### Given data
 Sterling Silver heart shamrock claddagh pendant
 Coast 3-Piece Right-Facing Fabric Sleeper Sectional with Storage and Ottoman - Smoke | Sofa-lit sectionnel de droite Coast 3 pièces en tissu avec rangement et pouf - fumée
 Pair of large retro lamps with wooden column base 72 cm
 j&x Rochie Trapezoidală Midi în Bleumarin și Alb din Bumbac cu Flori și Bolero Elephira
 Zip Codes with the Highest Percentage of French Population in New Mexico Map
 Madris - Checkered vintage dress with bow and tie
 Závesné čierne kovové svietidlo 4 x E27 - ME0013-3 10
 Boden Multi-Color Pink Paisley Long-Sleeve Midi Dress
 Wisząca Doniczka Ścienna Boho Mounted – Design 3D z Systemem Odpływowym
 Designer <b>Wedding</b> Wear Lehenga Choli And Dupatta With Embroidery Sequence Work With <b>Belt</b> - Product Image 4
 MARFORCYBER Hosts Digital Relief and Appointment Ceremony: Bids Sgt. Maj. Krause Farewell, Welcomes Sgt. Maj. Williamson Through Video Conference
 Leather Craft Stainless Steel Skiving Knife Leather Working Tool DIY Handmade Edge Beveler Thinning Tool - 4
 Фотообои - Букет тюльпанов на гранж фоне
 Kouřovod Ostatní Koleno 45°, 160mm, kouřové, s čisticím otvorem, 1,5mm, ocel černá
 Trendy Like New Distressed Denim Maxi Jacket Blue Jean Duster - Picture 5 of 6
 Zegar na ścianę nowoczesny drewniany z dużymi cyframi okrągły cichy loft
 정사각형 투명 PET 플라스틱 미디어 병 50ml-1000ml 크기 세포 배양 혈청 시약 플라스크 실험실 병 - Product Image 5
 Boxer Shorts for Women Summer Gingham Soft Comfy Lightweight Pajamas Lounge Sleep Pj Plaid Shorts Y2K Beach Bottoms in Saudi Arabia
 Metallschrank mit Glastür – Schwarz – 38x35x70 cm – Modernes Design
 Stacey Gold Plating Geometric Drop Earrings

### Problem statement
Retype only the lines running from the top of the listing to the line that holds "Kouřovod Ostatní Koleno", both ends included.

### Solution to this problem
 Sterling Silver heart shamrock claddagh pendant
 Coast 3-Piece Right-Facing Fabric Sleeper Sectional with Storage and Ottoman - Smoke | Sofa-lit sectionnel de droite Coast 3 pièces en tissu avec rangement et pouf - fumée
 Pair of large retro lamps with wooden column base 72 cm
 j&x Rochie Trapezoidală Midi în Bleumarin și Alb din Bumbac cu Flori și Bolero Elephira
 Zip Codes with the Highest Percentage of French Population in New Mexico Map
 Madris - Checkered vintage dress with bow and tie
 Závesné čierne kovové svietidlo 4 x E27 - ME0013-3 10
 Boden Multi-Color Pink Paisley Long-Sleeve Midi Dress
 Wisząca Doniczka Ścienna Boho Mounted – Design 3D z Systemem Odpływowym
 Designer <b>Wedding</b> Wear Lehenga Choli And Dupatta With Embroidery Sequence Work With <b>Belt</b> - Product Image 4
 MARFORCYBER Hosts Digital Relief and Appointment Ceremony: Bids Sgt. Maj. Krause Farewell, Welcomes Sgt. Maj. Williamson Through Video Conference
 Leather Craft Stainless Steel Skiving Knife Leather Working Tool DIY Handmade Edge Beveler Thinning Tool - 4
 Фотообои - Букет тюльпанов на гранж фоне
 Kouřovod Ostatní Koleno 45°, 160mm, kouřové, s čisticím otvorem, 1,5mm, ocel černá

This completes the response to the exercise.